**Description of the task**
Print every line of the listing below, starting with the line that holds "Maison - 173 m² - 8 pièces" and going on through the line that holds "3 bedroom semi-detached", both included, and print nothing else.

**Records provided**
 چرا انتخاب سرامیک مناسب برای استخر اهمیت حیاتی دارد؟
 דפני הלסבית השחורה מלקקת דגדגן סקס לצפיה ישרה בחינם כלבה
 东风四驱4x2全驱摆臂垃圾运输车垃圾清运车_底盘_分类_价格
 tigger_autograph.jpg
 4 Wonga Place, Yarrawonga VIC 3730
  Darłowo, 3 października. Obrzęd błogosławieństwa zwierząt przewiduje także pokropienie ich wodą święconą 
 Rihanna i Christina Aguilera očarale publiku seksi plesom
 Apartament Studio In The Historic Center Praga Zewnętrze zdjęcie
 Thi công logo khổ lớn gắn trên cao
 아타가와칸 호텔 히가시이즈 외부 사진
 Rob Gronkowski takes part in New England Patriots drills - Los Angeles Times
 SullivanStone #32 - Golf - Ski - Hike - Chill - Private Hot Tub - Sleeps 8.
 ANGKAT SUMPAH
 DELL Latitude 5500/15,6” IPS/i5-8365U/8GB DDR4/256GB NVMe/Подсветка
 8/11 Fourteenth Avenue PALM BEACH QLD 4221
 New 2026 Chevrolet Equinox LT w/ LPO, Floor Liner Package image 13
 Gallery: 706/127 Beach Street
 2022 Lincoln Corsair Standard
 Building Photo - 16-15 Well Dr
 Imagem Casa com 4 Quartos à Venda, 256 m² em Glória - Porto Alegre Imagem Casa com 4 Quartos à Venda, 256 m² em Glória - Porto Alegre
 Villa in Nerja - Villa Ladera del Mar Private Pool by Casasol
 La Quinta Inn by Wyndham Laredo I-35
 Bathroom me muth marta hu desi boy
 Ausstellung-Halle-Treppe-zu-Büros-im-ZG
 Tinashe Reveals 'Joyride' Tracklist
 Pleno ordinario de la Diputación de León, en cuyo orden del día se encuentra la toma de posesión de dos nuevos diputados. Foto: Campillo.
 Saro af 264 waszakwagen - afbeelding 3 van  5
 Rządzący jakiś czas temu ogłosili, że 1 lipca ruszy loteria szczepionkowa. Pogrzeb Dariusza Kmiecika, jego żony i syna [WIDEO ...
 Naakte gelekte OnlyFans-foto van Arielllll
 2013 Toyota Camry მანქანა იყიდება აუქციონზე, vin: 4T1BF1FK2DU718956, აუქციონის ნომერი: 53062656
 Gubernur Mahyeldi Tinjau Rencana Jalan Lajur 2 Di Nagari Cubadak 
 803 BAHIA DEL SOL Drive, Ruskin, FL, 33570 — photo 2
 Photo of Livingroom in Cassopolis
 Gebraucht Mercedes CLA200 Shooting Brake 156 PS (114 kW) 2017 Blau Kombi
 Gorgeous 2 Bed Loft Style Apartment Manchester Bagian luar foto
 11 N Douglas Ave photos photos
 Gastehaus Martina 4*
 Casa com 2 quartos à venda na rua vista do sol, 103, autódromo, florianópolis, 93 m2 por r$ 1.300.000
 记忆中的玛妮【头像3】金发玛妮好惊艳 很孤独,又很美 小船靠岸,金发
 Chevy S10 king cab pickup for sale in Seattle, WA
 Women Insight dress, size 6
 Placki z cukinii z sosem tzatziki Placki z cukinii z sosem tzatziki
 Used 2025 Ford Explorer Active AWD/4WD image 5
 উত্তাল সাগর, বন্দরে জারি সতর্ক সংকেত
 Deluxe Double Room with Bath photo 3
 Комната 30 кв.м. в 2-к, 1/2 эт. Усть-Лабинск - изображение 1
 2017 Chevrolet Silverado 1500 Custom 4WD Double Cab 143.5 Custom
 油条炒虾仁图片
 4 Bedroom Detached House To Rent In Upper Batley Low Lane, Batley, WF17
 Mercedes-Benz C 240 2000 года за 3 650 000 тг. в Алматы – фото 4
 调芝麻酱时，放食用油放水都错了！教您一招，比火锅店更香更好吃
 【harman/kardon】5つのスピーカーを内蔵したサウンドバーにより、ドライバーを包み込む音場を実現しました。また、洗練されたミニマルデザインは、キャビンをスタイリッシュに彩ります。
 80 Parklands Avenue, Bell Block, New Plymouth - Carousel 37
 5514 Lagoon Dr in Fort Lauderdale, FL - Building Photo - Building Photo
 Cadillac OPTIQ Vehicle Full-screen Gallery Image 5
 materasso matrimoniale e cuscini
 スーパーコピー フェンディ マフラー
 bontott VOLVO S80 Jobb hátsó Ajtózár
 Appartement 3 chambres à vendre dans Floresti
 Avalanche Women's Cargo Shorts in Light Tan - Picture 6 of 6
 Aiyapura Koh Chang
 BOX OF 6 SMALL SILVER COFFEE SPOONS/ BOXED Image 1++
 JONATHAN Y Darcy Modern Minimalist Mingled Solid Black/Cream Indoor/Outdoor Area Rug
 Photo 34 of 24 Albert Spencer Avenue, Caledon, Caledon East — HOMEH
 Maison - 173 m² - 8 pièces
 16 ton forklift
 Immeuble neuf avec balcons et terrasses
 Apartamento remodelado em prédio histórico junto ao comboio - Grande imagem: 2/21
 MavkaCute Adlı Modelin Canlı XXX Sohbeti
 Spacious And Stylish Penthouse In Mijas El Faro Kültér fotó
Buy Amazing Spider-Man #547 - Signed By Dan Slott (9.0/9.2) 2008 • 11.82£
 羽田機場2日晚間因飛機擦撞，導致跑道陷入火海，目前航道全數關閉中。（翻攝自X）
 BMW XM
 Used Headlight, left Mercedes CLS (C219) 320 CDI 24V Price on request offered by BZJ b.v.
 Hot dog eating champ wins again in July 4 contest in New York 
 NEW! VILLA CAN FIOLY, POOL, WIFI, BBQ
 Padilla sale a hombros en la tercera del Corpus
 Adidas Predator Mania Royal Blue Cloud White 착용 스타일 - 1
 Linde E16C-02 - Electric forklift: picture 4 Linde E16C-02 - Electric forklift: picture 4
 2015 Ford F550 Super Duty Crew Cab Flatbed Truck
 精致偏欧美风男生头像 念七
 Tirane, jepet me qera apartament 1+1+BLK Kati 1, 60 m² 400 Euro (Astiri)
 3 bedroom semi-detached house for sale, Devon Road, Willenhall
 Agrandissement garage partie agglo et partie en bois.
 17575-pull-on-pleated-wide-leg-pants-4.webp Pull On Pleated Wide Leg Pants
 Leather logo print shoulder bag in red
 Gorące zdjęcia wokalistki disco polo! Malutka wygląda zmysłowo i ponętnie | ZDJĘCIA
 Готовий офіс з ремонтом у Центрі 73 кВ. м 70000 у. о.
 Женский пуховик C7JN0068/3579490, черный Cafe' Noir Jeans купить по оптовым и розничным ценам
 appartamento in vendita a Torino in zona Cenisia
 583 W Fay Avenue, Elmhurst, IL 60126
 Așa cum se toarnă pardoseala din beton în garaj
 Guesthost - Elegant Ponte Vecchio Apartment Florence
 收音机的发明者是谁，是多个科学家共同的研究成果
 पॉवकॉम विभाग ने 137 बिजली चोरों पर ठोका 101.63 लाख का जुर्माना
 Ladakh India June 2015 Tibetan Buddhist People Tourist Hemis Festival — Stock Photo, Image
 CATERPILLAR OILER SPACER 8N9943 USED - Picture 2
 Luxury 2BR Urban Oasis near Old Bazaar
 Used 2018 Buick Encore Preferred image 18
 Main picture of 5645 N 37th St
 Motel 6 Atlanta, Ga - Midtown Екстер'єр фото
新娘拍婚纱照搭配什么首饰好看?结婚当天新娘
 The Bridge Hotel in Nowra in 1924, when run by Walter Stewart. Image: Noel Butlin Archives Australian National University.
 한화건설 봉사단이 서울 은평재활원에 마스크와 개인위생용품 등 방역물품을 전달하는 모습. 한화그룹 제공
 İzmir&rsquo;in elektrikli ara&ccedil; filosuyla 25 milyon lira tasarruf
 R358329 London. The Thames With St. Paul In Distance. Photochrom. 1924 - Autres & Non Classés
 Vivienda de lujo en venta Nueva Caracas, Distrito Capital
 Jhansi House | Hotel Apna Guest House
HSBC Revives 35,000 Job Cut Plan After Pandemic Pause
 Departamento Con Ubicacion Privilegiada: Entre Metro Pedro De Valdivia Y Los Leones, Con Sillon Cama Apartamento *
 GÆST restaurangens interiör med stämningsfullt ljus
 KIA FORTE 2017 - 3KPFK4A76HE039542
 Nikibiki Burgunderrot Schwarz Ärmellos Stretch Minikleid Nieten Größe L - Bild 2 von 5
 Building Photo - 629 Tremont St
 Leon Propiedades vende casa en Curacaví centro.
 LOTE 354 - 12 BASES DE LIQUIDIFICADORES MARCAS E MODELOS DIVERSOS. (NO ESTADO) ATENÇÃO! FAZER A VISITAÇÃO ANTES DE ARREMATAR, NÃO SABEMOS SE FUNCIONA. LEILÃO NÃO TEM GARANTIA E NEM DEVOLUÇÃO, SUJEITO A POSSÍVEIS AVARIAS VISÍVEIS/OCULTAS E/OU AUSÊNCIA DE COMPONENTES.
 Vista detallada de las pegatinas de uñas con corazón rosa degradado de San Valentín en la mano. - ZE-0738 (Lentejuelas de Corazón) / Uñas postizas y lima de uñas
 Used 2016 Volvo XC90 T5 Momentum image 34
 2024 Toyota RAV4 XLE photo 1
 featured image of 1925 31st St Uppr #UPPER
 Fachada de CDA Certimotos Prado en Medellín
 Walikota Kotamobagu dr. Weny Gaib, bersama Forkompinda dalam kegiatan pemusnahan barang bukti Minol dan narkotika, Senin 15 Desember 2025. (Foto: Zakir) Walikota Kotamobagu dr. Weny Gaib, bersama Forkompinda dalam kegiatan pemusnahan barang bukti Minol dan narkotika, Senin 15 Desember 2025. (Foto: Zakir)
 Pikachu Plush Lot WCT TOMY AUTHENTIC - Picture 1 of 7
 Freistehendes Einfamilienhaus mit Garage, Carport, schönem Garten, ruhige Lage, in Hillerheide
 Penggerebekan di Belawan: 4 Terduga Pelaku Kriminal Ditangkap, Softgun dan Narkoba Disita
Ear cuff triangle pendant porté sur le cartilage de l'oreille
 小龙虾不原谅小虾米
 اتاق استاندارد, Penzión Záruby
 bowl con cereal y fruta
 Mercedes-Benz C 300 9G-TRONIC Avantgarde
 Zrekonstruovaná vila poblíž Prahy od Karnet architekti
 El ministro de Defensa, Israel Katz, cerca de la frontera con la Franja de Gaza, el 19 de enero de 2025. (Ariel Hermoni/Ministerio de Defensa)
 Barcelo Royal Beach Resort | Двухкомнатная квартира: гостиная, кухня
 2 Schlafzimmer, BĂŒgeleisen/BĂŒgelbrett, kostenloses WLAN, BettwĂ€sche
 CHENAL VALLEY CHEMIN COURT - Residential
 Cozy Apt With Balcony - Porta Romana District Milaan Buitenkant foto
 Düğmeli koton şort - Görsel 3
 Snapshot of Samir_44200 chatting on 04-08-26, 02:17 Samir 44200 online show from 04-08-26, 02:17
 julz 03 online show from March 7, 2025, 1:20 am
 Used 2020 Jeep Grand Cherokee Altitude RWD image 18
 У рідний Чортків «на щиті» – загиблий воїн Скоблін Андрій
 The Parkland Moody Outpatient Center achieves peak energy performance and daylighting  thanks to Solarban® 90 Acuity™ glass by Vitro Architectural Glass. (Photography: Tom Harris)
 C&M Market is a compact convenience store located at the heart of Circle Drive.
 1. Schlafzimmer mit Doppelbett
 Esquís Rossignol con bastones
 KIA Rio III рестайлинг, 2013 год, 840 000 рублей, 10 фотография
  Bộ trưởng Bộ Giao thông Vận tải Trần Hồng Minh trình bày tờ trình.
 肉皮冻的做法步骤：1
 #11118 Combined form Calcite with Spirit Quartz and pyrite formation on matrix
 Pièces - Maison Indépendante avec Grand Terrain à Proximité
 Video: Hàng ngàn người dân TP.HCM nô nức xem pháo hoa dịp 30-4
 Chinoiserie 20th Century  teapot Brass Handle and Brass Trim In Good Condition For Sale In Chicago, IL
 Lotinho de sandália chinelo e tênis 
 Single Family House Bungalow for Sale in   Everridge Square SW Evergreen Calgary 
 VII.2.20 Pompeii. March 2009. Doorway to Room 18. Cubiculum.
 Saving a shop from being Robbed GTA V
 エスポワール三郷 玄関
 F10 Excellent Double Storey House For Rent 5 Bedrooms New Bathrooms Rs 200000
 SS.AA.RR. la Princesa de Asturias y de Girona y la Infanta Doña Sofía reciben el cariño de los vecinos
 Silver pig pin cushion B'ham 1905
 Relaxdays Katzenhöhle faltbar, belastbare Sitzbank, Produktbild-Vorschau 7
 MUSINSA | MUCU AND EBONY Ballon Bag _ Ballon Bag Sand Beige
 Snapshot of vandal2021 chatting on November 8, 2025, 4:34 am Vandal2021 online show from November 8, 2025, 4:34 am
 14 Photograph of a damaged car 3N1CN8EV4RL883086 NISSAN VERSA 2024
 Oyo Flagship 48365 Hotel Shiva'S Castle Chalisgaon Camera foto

**Your solution**
 Maison - 173 m² - 8 pièces
 16 ton forklift
 Immeuble neuf avec balcons et terrasses
 Apartamento remodelado em prédio histórico junto ao comboio - Grande imagem: 2/21
 MavkaCute Adlı Modelin Canlı XXX Sohbeti
 Spacious And Stylish Penthouse In Mijas El Faro Kültér fotó
Buy Amazing Spider-Man #547 - Signed By Dan Slott (9.0/9.2) 2008 • 11.82£
 羽田機場2日晚間因飛機擦撞，導致跑道陷入火海，目前航道全數關閉中。（翻攝自X）
 BMW XM
 Used Headlight, left Mercedes CLS (C219) 320 CDI 24V Price on request offered by BZJ b.v.
 Hot dog eating champ wins again in July 4 contest in New York 
 NEW! VILLA CAN FIOLY, POOL, WIFI, BBQ
 Padilla sale a hombros en la tercera del Corpus
 Adidas Predator Mania Royal Blue Cloud White 착용 스타일 - 1
 Linde E16C-02 - Electric forklift: picture 4 Linde E16C-02 - Electric forklift: picture 4
 2015 Ford F550 Super Duty Crew Cab Flatbed Truck
 精致偏欧美风男生头像 念七
 Tirane, jepet me qera apartament 1+1+BLK Kati 1, 60 m² 400 Euro (Astiri)
 3 bedroom semi-detached house for sale, Devon Road, Willenhall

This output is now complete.